(Beginning of Information given)

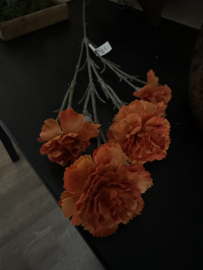 Dianthus 60 cm oranje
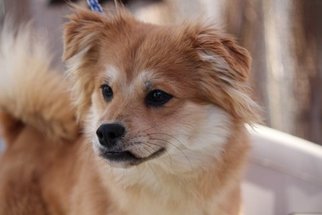 Medium Photo #1 Pomeranian-Unknown Mix Puppy For Sale in Yardley, PA, USA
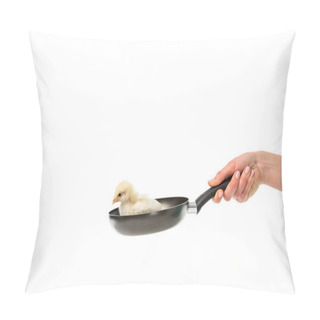 Personality  Partial View Of Woman Holding Frying Pan With Little Chick Isolated On White, Animal Eating Protest Concept Pillow Covers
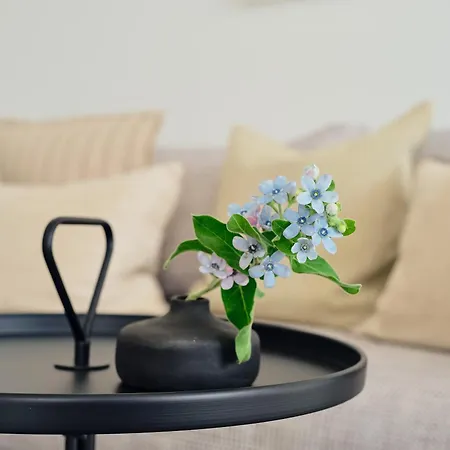 B13 Mit Balkon & Nutzung Der Wellness- & Aktivbereiche Im Pine Hill Apartament Zirchow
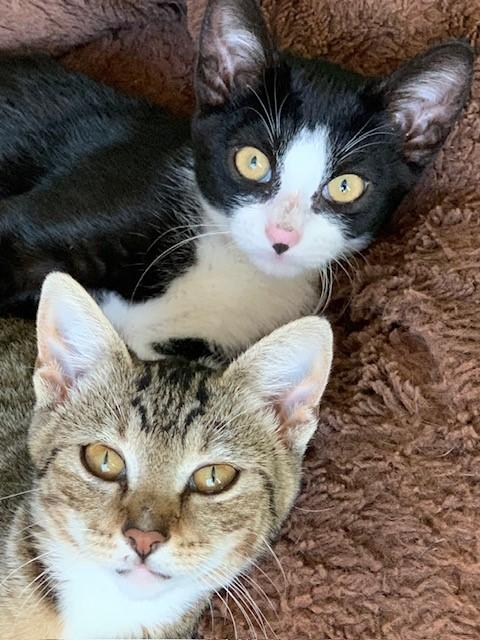 Jupiter, a Adoptable Domestic Short Hair in Mission Hills, CA image 6/6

(End of Information given)

**Exercise aim**
Without the pictures, return the whole of the data exactly as given.

**Answer section**
 Dianthus 60 cm oranje
 Medium Photo #1 Pomeranian-Unknown Mix Puppy For Sale in Yardley, PA, USA
 Personality  Partial View Of Woman Holding Frying Pan With Little Chick Isolated On White, Animal Eating Protest Concept Pillow Covers
 B13 Mit Balkon & Nutzung Der Wellness- & Aktivbereiche Im Pine Hill Apartament Zirchow
 Jupiter, a Adoptable Domestic Short Hair in Mission Hills, CA image 6/6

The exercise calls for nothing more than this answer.